AssetIndexedDataNode adds the market layer:

  • the canonical asset storage dimension is asset_identifier;
  • asset_list is an optional updater scope, not table meaning;
  • get_asset_list() validates string, mapping, or object asset scopes;
  • asset scopes can be translated into DataNode dimension_filters;
  • per-asset update ranges are exposed through helpers such as get_asset_dimension_range_map_great_or_equal(...);
  • the default hash_namespace follows the active markets namespace;
  • the registered storage class declares a foreign key from asset_identifier to AssetTable.unique_identifier.
+-----------------------------+           generic DataNode        +-----------------------------+
| mainsequence.meta_tables.   |---------------------------------->| TimeIndexMetaTable storage   |
| DataNode                    |                                   | registered from storage cls |
|-----------------------------|                                   |-----------------------------|
| storage_hash                |                                   | published table             |
| update_hash                 |                                   | schema / columns            |
| dependencies()              |                                   | update history              |
| update()                    |                                   +-----------------------------+
+-----------------------------+
              ^
              |
              | adds markets asset conventions
              |
+-----------------------------+           asset-indexed          +-----------------------------+
| AssetIndexedDataNode        |---------------------------------->| AssetTable                  |
|-----------------------------|       asset_identifier FK         |-----------------------------|
| asset_identity_dimension    |                                   | unique_identifier unique    |
| asset_list update scope     |                                   | asset_type                  |
| dimension filter helpers    |                                   +-----------------------------+
| per-asset range helpers     |
+-----------------------------+

The important distinction is identity. A generic DataNode can publish any table shape. An asset-indexed DataNode publishes a market table where asset_identifier contains an Asset.unique_identifier value.

Core Contract

Asset-indexed tables should follow this shape unless a specific dataset has a documented reason not to:

+-----------------------------+      source-table FK       +-----------------------------+
| AssetIndexedDataNode table  |--------------------------->| AssetTable                  |
|-----------------------------| asset_identifier           |-----------------------------|
| time_index           index  |                            | uid                         |
| asset_identifier     index  |                            | unique_identifier unique    |
| value columns               |                            | asset_type                  |
+-----------------------------+                            +-----------------------------+

The asset_identifier column should not be an arbitrary provider ticker. It should contain the same canonical identifier registered through msm.api.assets.Asset.unique_identifier. Provider-specific tickers, FIGIs, ISINs, symbols, and raw payloads belong either in provider detail tables, such as OpenFigiAssetDetailsTable, or in DataNode value columns when the table is explicitly a timestamped provider fact.
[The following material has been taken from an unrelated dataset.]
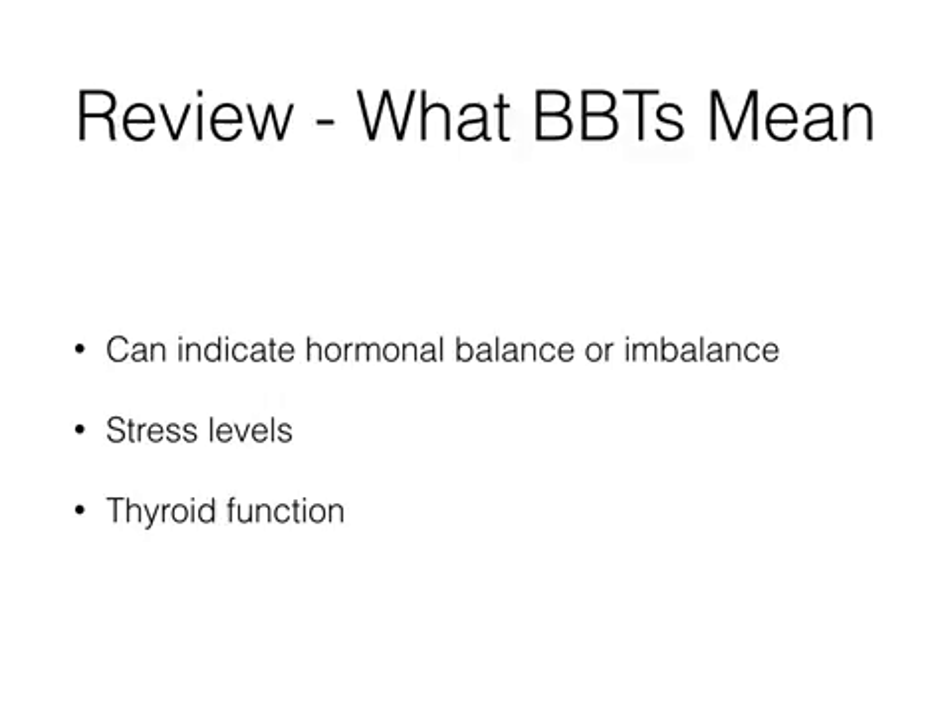So just to review what BBTs mean: they can indicate hormonal balance or imbalance, giving us a lot of information about what your hormone levels look like in the first and second half of the cycle. Something else we can get information about from your temperatures is stress levels — when they're really up and down, that can be an indication to me as a practitioner that the patient is really stressed. And then another thing we can sometimes get insight into is thyroid function, which is especially helpful if a patient hasn't yet realized they have a thyroid issue, or if they've recently been diagnosed and are on new medication, so I can see how their thyroid function is improving over time.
The AssetIndexedDataNodeConfiguration.asset_list field is updater scope. Asset universe selection affects update identity, not the storage identity of the published dataset. Two updater jobs can write different asset subsets into the same dataset when the schema and dataset meaning are otherwise the same.

Asset-scoped configuration has two categories:

  • normal DataNodeConfiguration fields, which enter update_hash
  • ClassVar[...] invariants, which are not Pydantic fields and do not enter update_hash

Use Field(...) for every config field, with a useful description and examples=[...] when possible:

from typing import ClassVar

from pydantic import Field

from mainsequence.meta_tables import DataNodeConfiguration


class AssetIndexedDataNodeConfiguration(DataNodeConfiguration):
    asset_list: list | None = Field(
        default=None,
        description=(
            "Optional asset unique identifier scope for this updater run. "
            "Changing it changes update identity, not table identity."
        ),
        examples=[["asset_us_equity_aapl", "asset_us_equity_msft"]],
    )
    asset_category_unique_identifier: str | None = Field(
        default=None,
        description=(
            "Optional asset category unique identifier used to resolve the "
            "updater asset universe."
        ),
        examples=["us_equities"],
    )
    reference_dimension: ClassVar[str] = "asset_identifier"
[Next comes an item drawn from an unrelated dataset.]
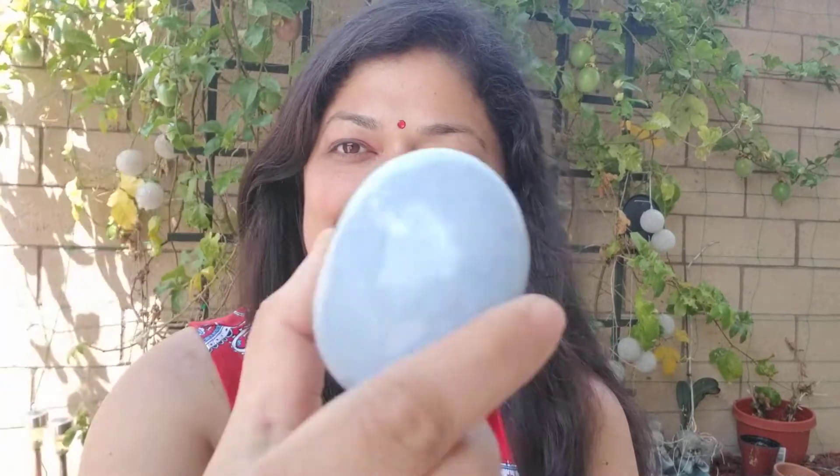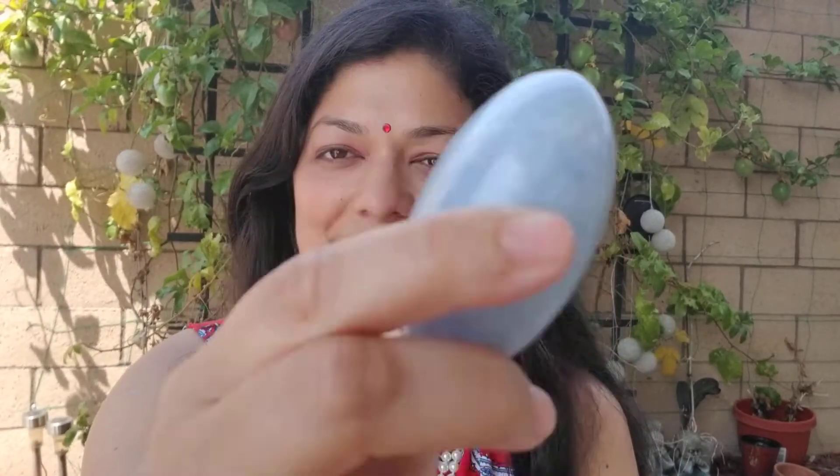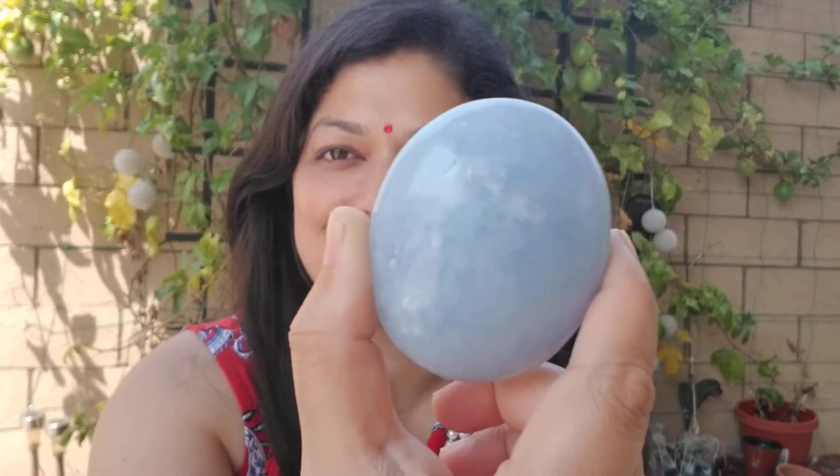Hi and welcome, I'm Shoma and today I'll be talking about the beautiful celestite. Let's take a look. The celestite is a beautiful light blue color — it's like the color of the sky, like a bright blue cloudless sky.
asset_list and asset_category_unique_identifier are fields because they select the updater scope and must affect update_hash. reference_dimension is a ClassVar because it is a fixed implementation invariant, not run configuration.

Do not use legacy platform metadata markers such as update_only, runtime_only, ignore_from_storage_hash, or _ARGS_IGNORE_IN_STORAGE_HASH to remove DataNode config fields from hashing. There is no third asset-scope case: if it is a config field, it is hashed; if it is not hashed, it must not be a config field.

Canonical Foreign Key

In the current storage-first architecture, the schema contract lives on a storage class (PlatformTimeIndexMetaTable / MarketsTimeIndexMetaTableMixin), not on the DataNode configuration. The canonical asset foreign key is an SDK SQLAlchemy ForeignKey(...) declaration on the storage class asset_identifier column. The DataNode uses its storage class through _required_storage_table().
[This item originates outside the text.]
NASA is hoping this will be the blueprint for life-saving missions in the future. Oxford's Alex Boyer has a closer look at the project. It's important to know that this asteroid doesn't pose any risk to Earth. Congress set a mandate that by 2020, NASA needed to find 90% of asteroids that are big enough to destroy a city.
Project-local storage classes should inherit from an abstract project mixin that sets the project's default __metatable_namespace__ and, when needed, __markets_storage_app__. Concrete storage classes declare __markets_base_identifier__ as the bare storage concept. ms-markets combines the namespace and base identifier into the globally unique catalog/runtime identity. Set the mixin attributes before model import/mapping.

MSM_AUTO_REGISTER_NAMESPACE still overrides the project mixin namespace when set before model import. Use that for isolated tests and examples.

import datetime

import pandas as pd
from sqlalchemy import DateTime, Float, ForeignKey, String
from sqlalchemy.orm import Mapped, mapped_column

from msm.base import MarketsBase, MarketsTimeIndexMetaTableMixin
from msm.data_nodes.assets import AssetDataNodeConfiguration, AssetTimestampedDataNode
from msm.models.assets.core import AssetTable


class MyProjectMarketsStorageMixin(MarketsTimeIndexMetaTableMixin):
    __abstract__ = True
    __metatable_namespace__ = "com.my_project"
    __markets_storage_app__ = "my_project_markets"


class ExampleAssetMetricStorage(MyProjectMarketsStorageMixin, MarketsBase):
    __markets_base_identifier__ = "ExampleAssetMetricsTS"
    __metatable_description__ = (
        "Timestamped asset metric observations keyed by asset identifier "
        "for market analytics and portfolio workflows."
    )
    __time_index_name__ = "time_index"
    __index_names__ = ["time_index", "asset_identifier"]

    time_index: Mapped[datetime.datetime] = mapped_column(
        DateTime(timezone=True),
        nullable=False,
        info={"label": "Time", "description": "UTC observation timestamp."},
    )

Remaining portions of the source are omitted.